Collected data
-=-=-

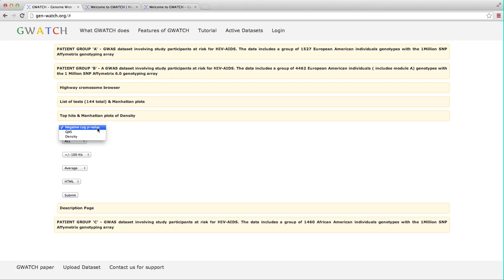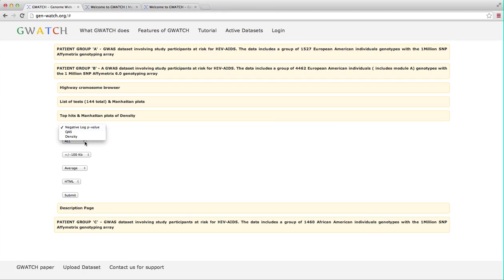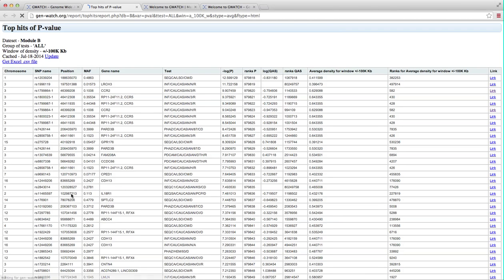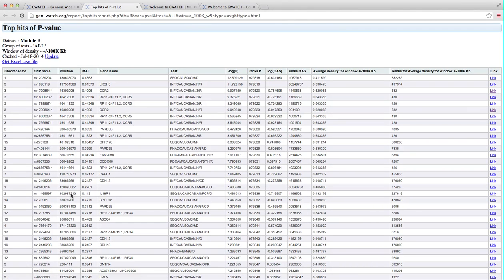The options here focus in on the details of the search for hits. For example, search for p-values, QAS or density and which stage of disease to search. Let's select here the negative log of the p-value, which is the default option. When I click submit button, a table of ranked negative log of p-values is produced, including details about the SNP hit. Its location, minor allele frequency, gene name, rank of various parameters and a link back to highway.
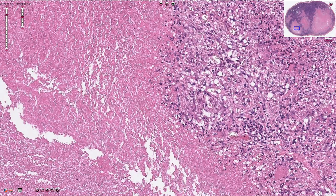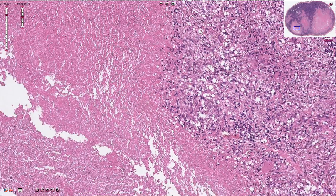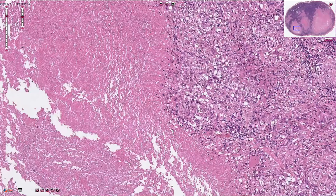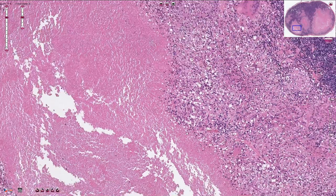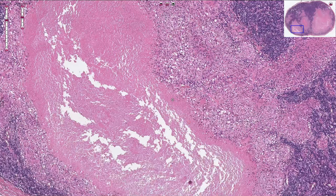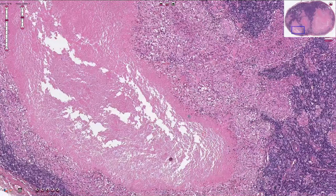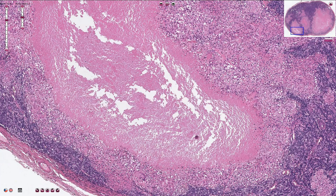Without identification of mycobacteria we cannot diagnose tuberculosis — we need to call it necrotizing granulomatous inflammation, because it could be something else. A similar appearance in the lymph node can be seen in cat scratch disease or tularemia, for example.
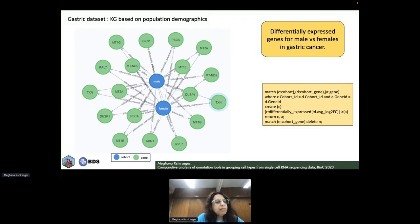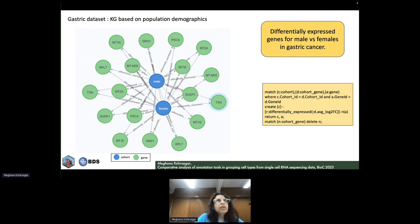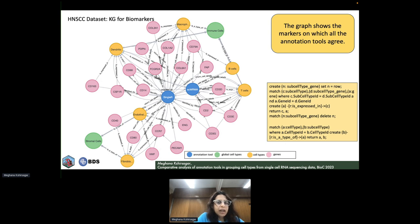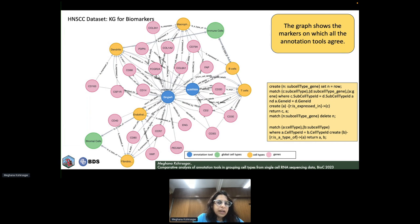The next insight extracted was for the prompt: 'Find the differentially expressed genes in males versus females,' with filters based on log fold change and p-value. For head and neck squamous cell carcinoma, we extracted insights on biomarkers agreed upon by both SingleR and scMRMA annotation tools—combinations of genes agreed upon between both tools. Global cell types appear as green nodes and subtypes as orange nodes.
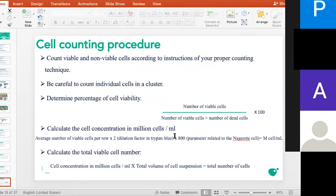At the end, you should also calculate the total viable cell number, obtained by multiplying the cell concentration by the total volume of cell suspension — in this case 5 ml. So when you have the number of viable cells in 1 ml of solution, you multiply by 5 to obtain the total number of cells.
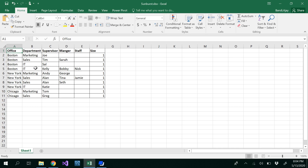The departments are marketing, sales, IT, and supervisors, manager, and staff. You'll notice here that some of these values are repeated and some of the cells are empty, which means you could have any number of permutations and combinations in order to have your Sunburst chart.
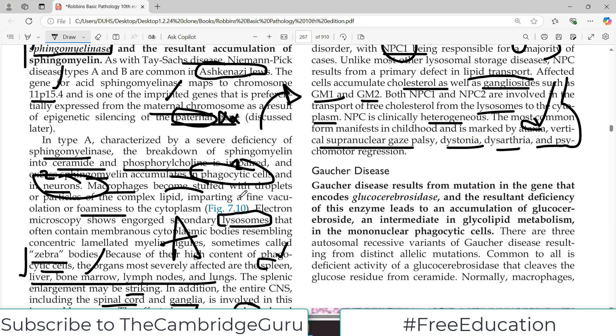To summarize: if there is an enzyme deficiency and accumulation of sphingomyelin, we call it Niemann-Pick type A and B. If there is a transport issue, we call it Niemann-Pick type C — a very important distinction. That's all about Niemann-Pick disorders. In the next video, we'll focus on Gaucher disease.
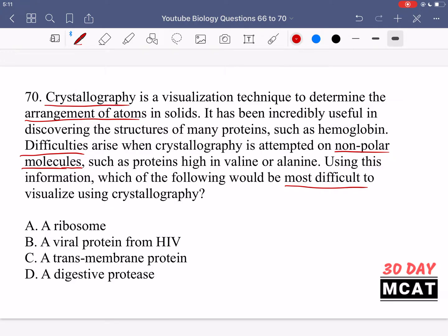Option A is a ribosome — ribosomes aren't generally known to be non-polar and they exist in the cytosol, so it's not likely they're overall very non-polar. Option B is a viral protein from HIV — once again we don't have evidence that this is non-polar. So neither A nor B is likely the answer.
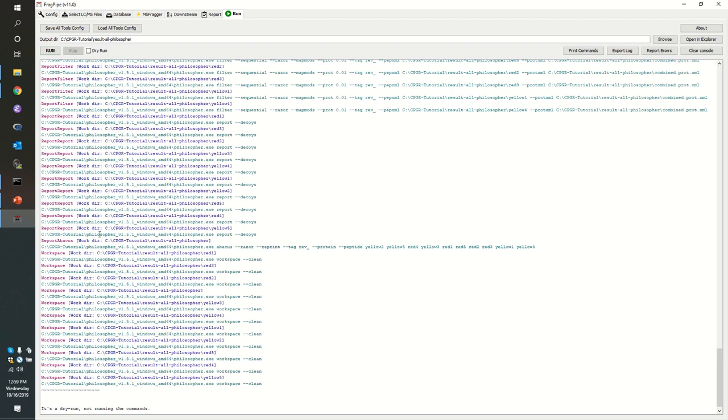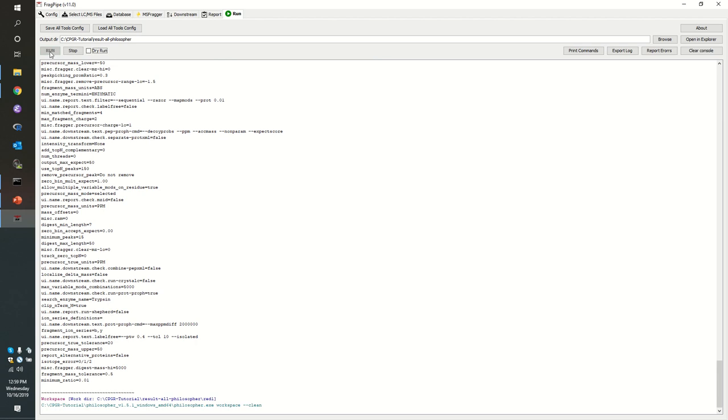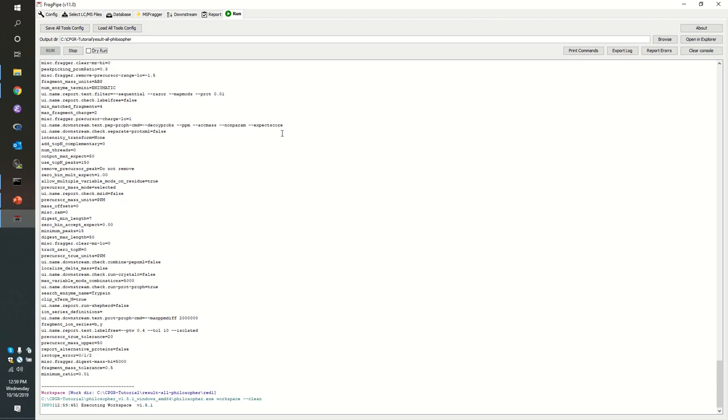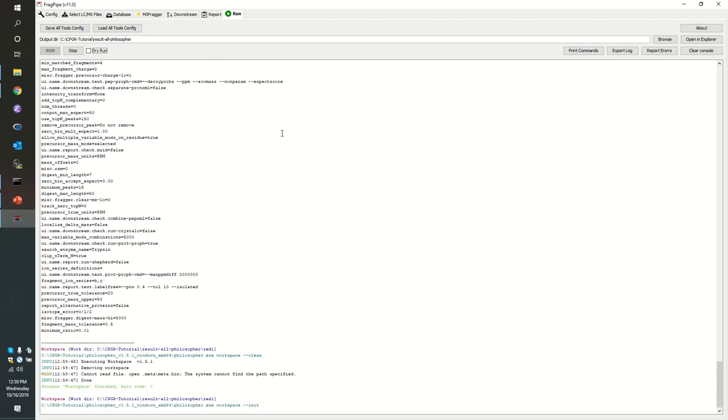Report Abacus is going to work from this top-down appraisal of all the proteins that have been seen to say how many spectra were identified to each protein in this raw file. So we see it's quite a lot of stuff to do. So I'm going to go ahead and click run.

-=-=-

Output every entry above verbatim, but leave out the pictures.

The options here focus in on the details of the search for hits. For example, search for p-values, QAS or density and which stage of disease to search. Let's select here the negative log of the p-value, which is the default option. When I click submit button, a table of ranked negative log of p-values is produced, including details about the SNP hit. Its location, minor allele frequency, gene name, rank of various parameters and a link back to highway.
Without identification of mycobacteria we cannot diagnose tuberculosis — we need to call it necrotizing granulomatous inflammation, because it could be something else. A similar appearance in the lymph node can be seen in cat scratch disease or tularemia, for example.
The next insight extracted was for the prompt: 'Find the differentially expressed genes in males versus females,' with filters based on log fold change and p-value. For head and neck squamous cell carcinoma, we extracted insights on biomarkers agreed upon by both SingleR and scMRMA annotation tools—combinations of genes agreed upon between both tools. Global cell types appear as green nodes and subtypes as orange nodes.
At the end, you should also calculate the total viable cell number, obtained by multiplying the cell concentration by the total volume of cell suspension — in this case 5 ml. So when you have the number of viable cells in 1 ml of solution, you multiply by 5 to obtain the total number of cells.
The departments are marketing, sales, IT, and supervisors, manager, and staff. You'll notice here that some of these values are repeated and some of the cells are empty, which means you could have any number of permutations and combinations in order to have your Sunburst chart.
To summarize: if there is an enzyme deficiency and accumulation of sphingomyelin, we call it Niemann-Pick type A and B. If there is a transport issue, we call it Niemann-Pick type C — a very important distinction. That's all about Niemann-Pick disorders. In the next video, we'll focus on Gaucher disease.
Option A is a ribosome — ribosomes aren't generally known to be non-polar and they exist in the cytosol, so it's not likely they're overall very non-polar. Option B is a viral protein from HIV — once again we don't have evidence that this is non-polar. So neither A nor B is likely the answer.
Report Abacus is going to work from this top-down appraisal of all the proteins that have been seen to say how many spectra were identified to each protein in this raw file. So we see it's quite a lot of stuff to do. So I'm going to go ahead and click run.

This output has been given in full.